_DATA PROVIDED_:
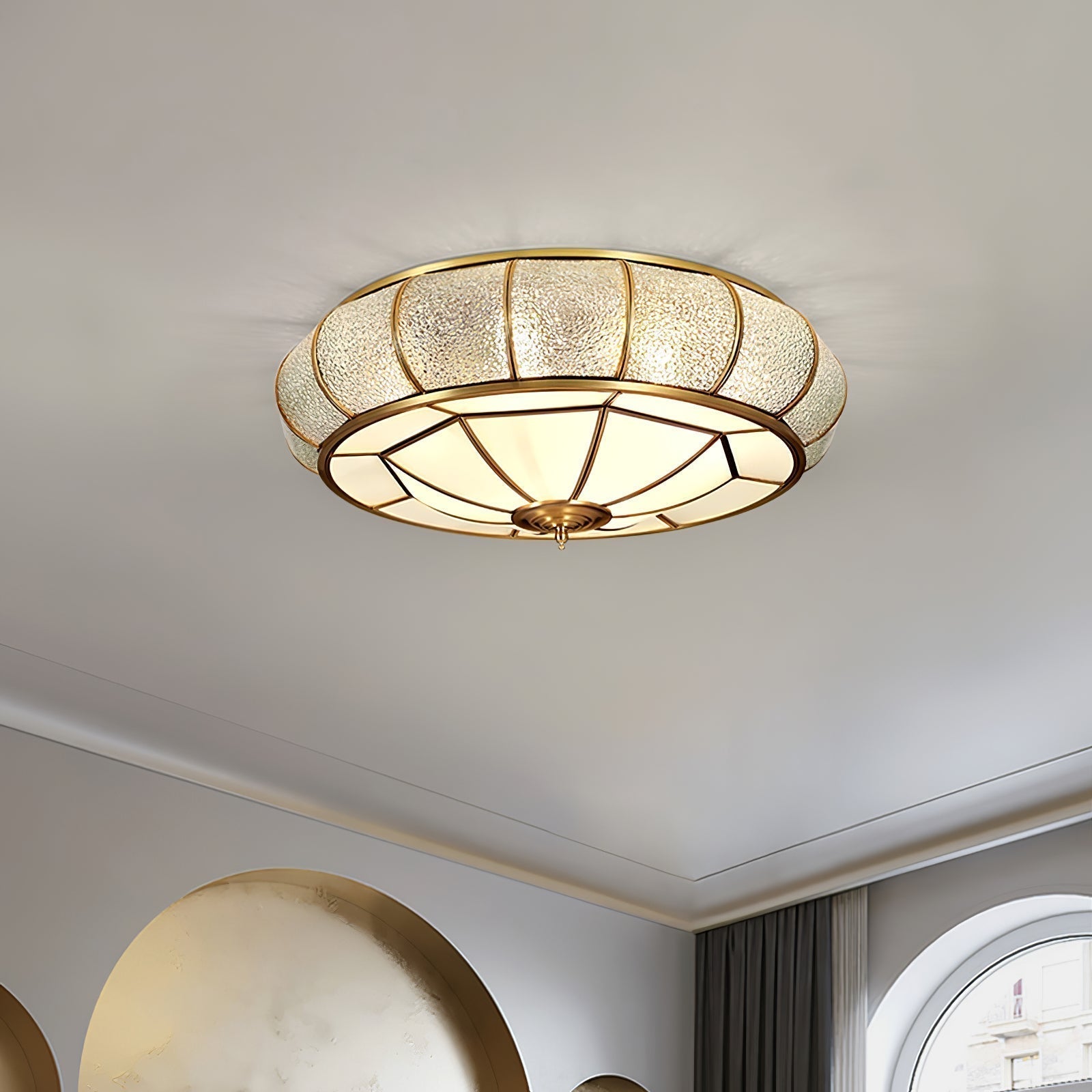 Round Textured Glass Ceiling Light - Lamp Outdoor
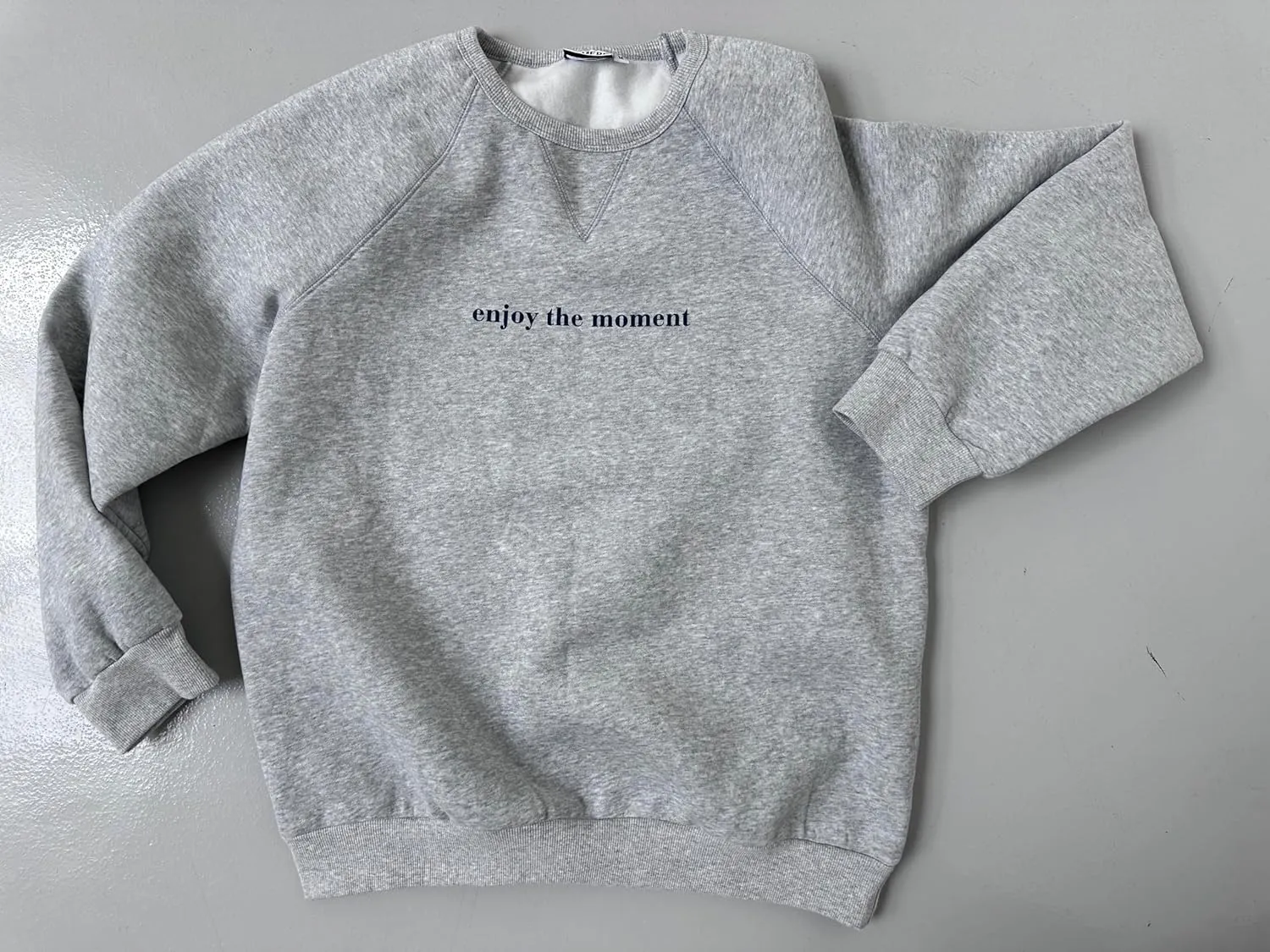 Almere Fleece Graphic Oversized Sweatshirt Trendy Crew Neck, Long Sleeves
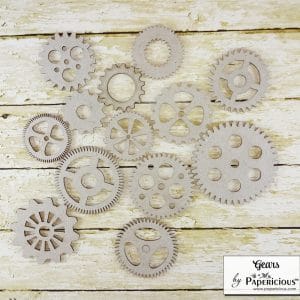 Papericious Collage Chipboard Elements - Gears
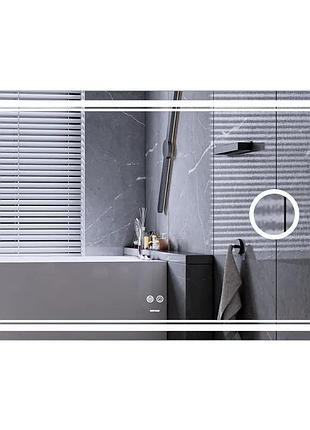 Зеркало mixxus premium quadro mr20-100x70 с led touch, anti-fog, диммером, регулятором яркости, линзой (mp6622)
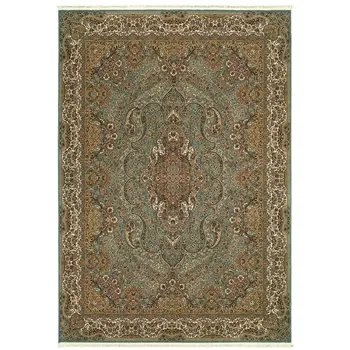 8' X 11' Blue And Gold Medallion Area Rug With Fringe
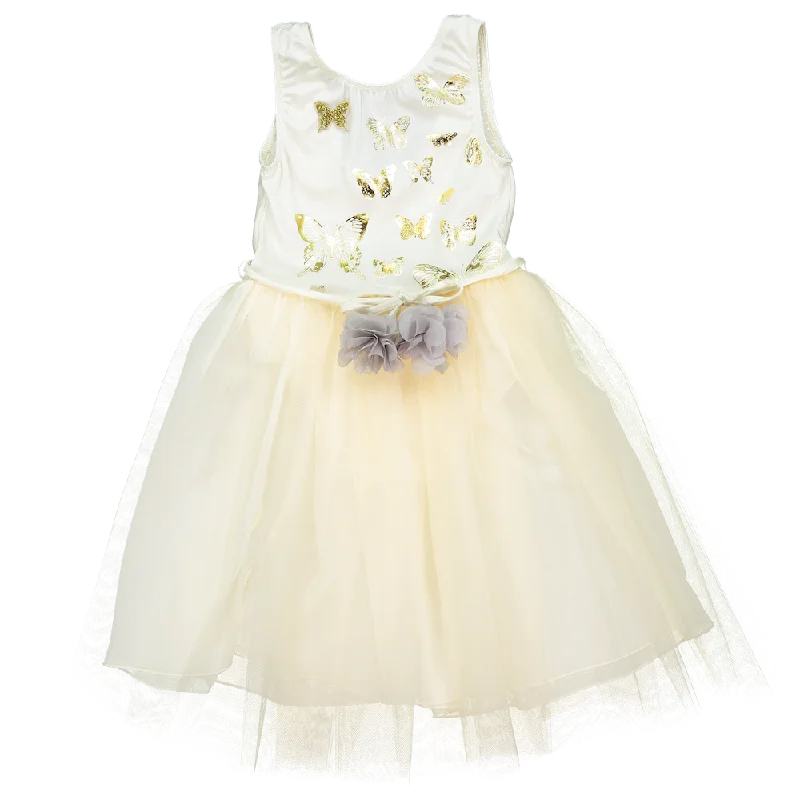 Atsuyo Et Akiko Papillones Dress - Ivory/Gold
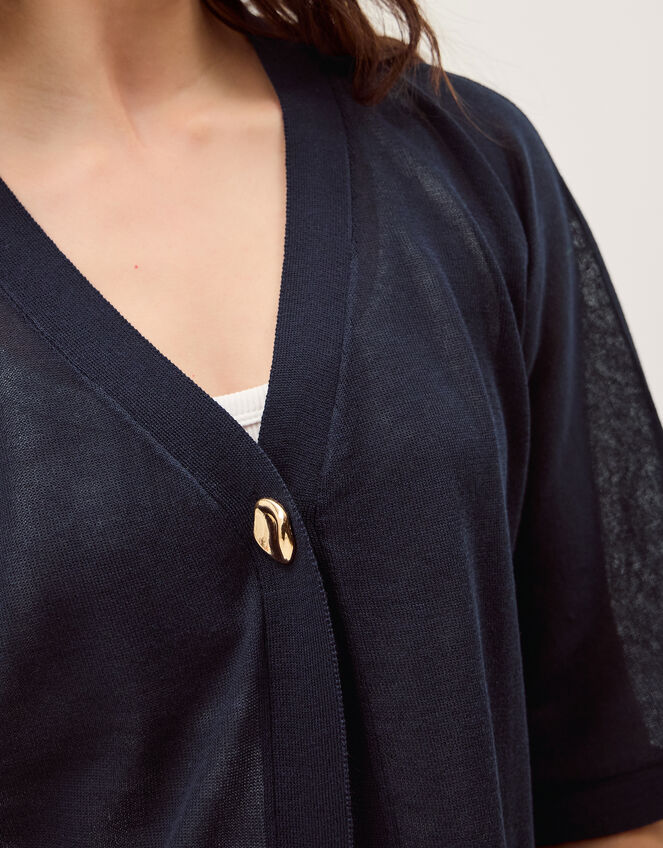 Beth Short Sleeve Cardigan, Blue (NAVY), large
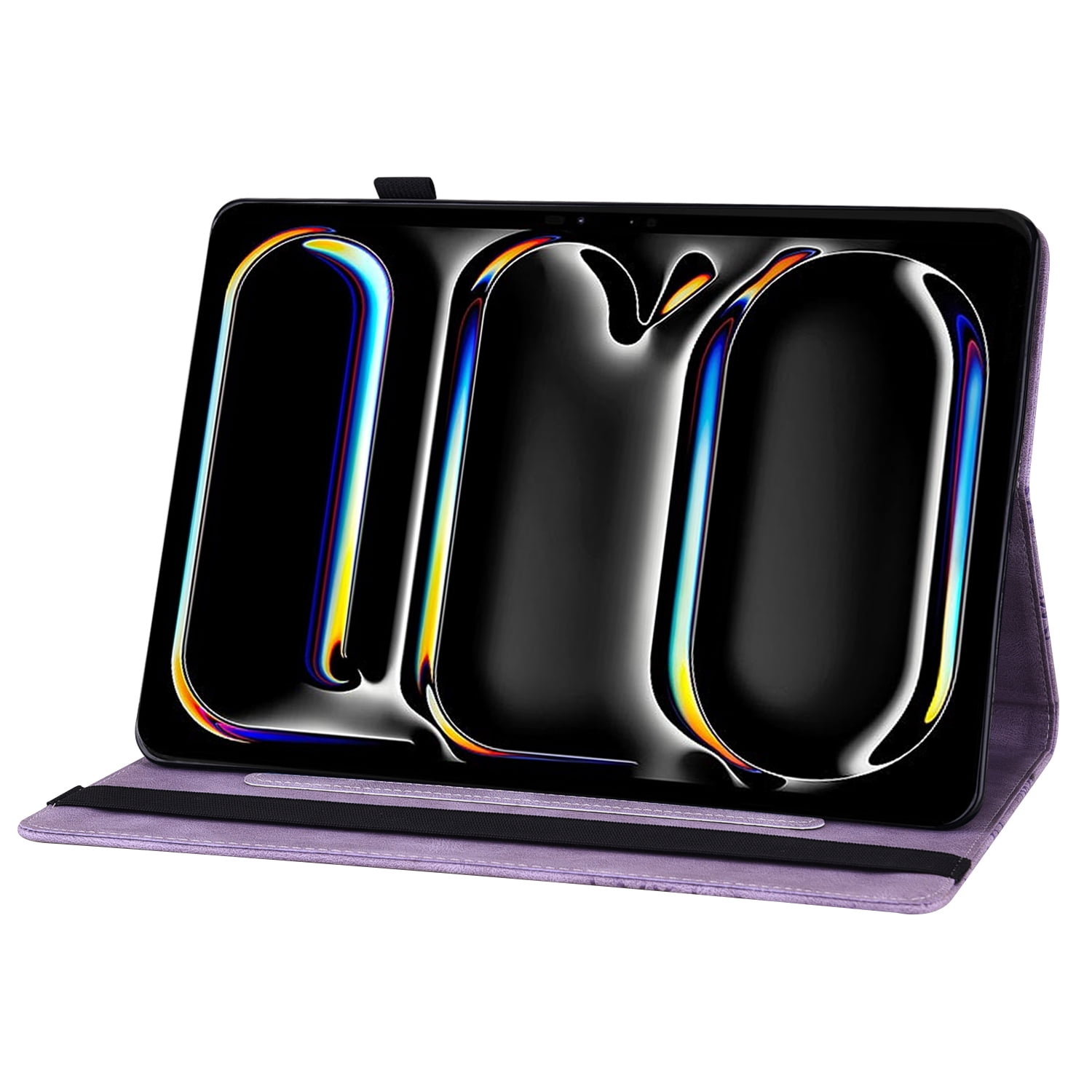 Allytechgroup iPad Pro 13 Case Cover, Stylish Big Butterfly Design PU Leather Smart Cover Auto Sleep Wake Pencil Holder Flip Stand Shockproof Bumper Case for Apple iPad Pro 13" 2024 M4, Purple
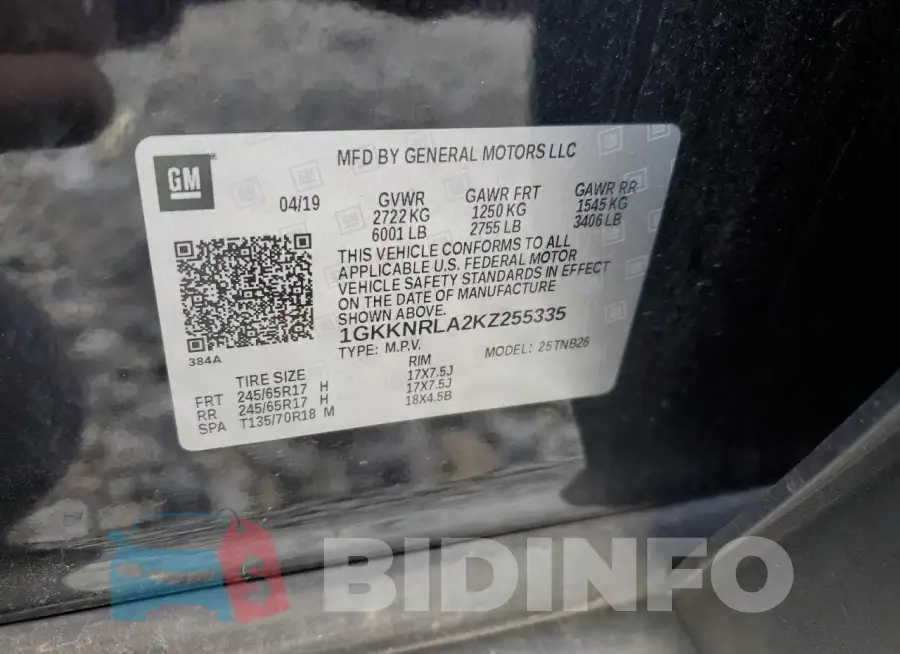 1GKKNRLA2KZ255335 Photo# 14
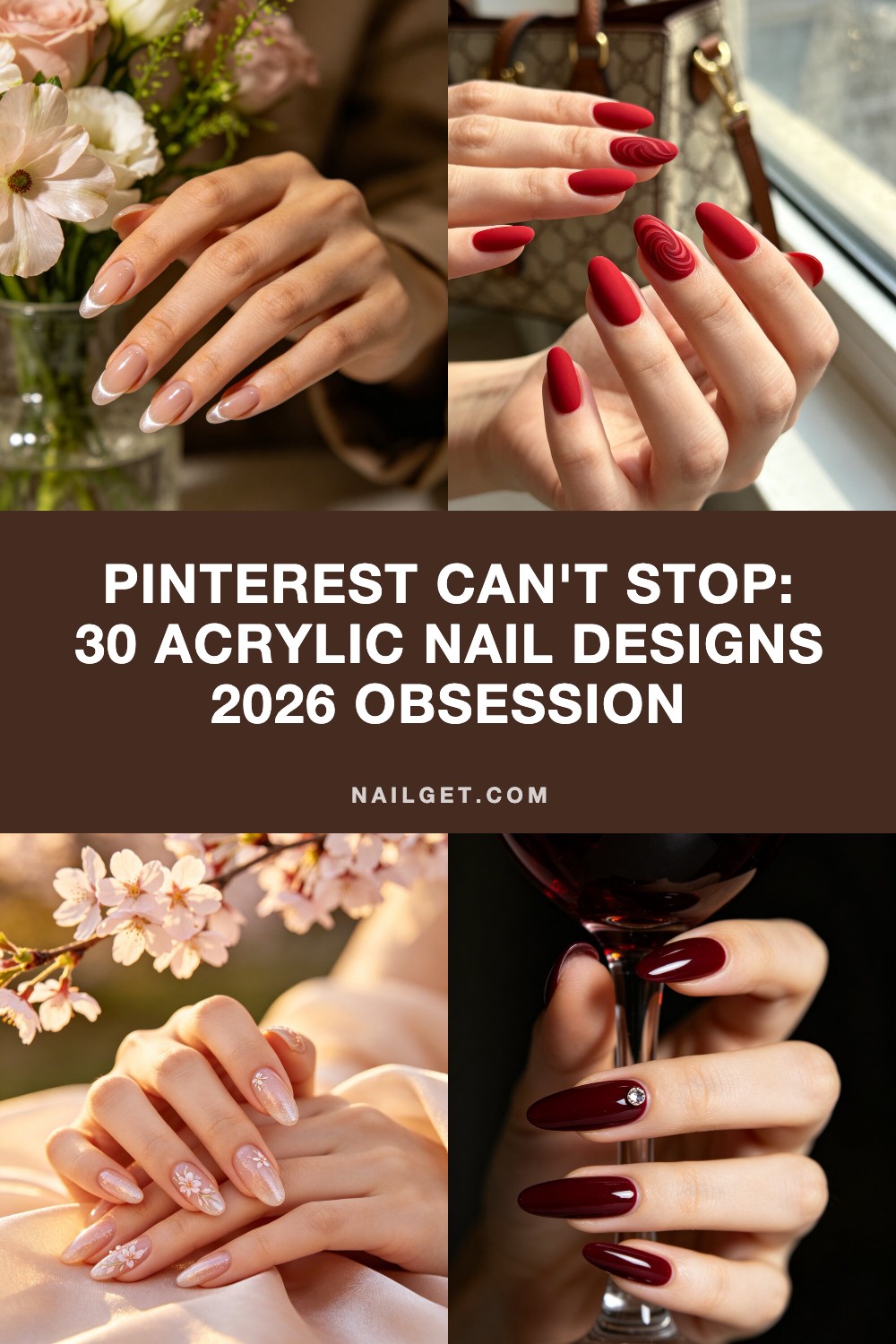 Pinterest Can't Stop: 30 Acrylic Nail Designs 2026 Obsession Pinterest cover image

_PROBLEM TO WORK ON_: What is needed is an exact transcription of the lines from the one holding "Atsuyo Et Akiko" to the end of the data, with every picture left out.

_TASK SOLUTION_:
 Atsuyo Et Akiko Papillones Dress - Ivory/Gold
 Beth Short Sleeve Cardigan, Blue (NAVY), large
 Allytechgroup iPad Pro 13 Case Cover, Stylish Big Butterfly Design PU Leather Smart Cover Auto Sleep Wake Pencil Holder Flip Stand Shockproof Bumper Case for Apple iPad Pro 13" 2024 M4, Purple
 1GKKNRLA2KZ255335 Photo# 14
 Pinterest Can't Stop: 30 Acrylic Nail Designs 2026 Obsession Pinterest cover image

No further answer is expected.